● **DATA UNDER STUDY**:
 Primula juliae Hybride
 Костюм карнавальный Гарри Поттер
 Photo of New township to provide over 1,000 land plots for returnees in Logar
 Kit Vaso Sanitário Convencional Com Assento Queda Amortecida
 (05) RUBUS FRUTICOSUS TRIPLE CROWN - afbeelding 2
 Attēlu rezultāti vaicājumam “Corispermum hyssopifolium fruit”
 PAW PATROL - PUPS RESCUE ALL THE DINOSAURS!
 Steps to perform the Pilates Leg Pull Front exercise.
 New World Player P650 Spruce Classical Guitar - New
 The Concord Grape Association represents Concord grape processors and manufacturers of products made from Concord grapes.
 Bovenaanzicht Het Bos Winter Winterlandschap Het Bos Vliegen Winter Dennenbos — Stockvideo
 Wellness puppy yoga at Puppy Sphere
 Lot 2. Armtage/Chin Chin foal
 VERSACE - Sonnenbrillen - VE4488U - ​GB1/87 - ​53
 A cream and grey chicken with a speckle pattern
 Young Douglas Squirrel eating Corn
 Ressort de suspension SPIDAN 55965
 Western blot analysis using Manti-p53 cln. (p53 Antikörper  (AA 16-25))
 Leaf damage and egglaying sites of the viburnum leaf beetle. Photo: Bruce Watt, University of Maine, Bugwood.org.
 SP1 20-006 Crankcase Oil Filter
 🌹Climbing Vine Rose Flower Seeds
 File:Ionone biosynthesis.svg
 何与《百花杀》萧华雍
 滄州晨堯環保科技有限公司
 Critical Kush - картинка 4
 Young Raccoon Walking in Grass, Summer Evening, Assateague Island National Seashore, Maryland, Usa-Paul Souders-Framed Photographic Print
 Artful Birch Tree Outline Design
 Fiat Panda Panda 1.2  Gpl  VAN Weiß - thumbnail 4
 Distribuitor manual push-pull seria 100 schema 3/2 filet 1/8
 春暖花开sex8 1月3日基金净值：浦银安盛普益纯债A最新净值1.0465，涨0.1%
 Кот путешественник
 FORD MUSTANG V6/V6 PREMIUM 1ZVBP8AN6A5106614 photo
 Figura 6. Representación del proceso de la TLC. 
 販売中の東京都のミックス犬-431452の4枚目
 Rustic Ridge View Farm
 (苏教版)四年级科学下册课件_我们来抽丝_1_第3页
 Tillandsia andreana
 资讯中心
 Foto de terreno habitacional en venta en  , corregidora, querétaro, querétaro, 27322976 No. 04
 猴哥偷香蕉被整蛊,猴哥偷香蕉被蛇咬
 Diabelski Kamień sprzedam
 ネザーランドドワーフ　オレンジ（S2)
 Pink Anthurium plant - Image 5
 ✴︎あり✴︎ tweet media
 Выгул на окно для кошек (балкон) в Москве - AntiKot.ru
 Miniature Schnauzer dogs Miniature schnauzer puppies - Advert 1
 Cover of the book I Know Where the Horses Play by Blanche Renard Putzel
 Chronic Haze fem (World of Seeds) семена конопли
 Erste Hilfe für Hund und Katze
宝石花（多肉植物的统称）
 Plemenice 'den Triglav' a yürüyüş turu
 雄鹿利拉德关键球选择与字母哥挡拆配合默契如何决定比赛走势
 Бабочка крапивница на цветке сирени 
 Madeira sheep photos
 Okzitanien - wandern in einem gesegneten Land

● **TASK BRIEF**: From the material above, copy every line where the word "Seeds" is found.

● **SOLVED PROBLEM**:
 🌹Climbing Vine Rose Flower Seeds
 Chronic Haze fem (World of Seeds) семена конопли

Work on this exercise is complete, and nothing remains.